■ **INPUT DATA**
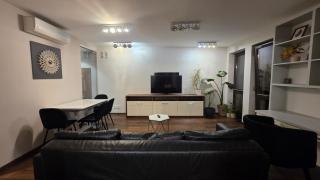 Garden Space Apartment & Free Parking by CityBeat - Cracóvia - 5
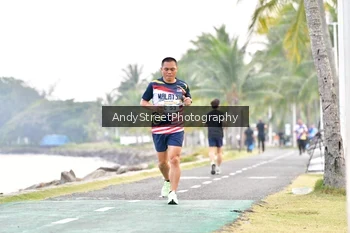 Runner Photo 4311217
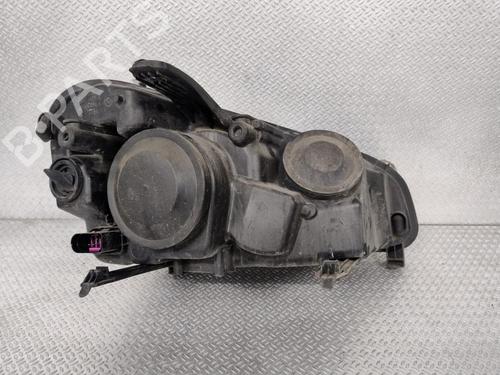 Used Left headlight FORD C-MAX (DM2) 1.6 TDCi (90 hp) 29739543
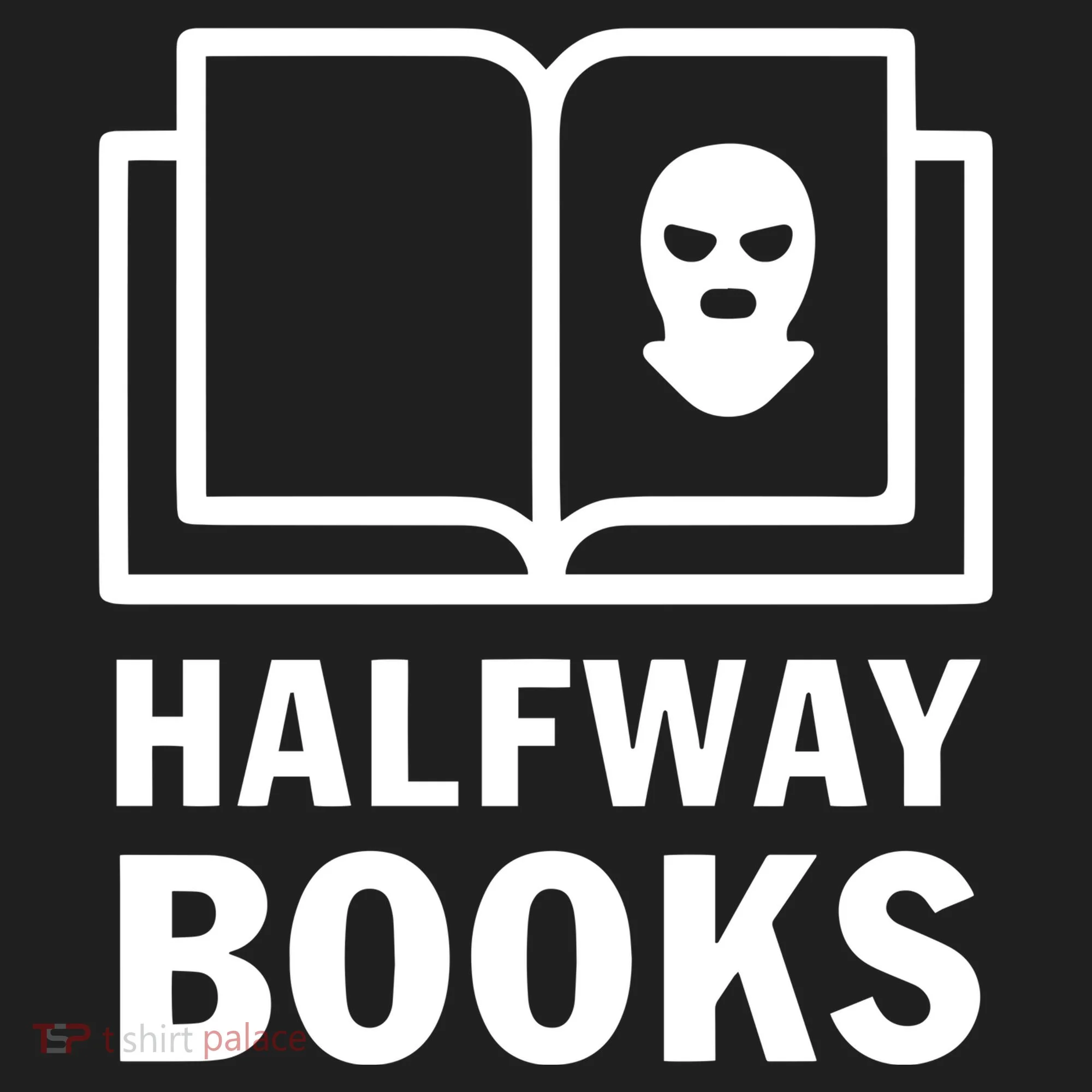 Shea Serrano Halfway Books Hat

■ **EXERCISE DETAILS**
The listing above should be repeated word for word, with every image left out.

■ **EXERCISE ANSWER**
 Garden Space Apartment & Free Parking by CityBeat - Cracóvia - 5
 Runner Photo 4311217
 Used Left headlight FORD C-MAX (DM2) 1.6 TDCi (90 hp) 29739543
 Shea Serrano Halfway Books Hat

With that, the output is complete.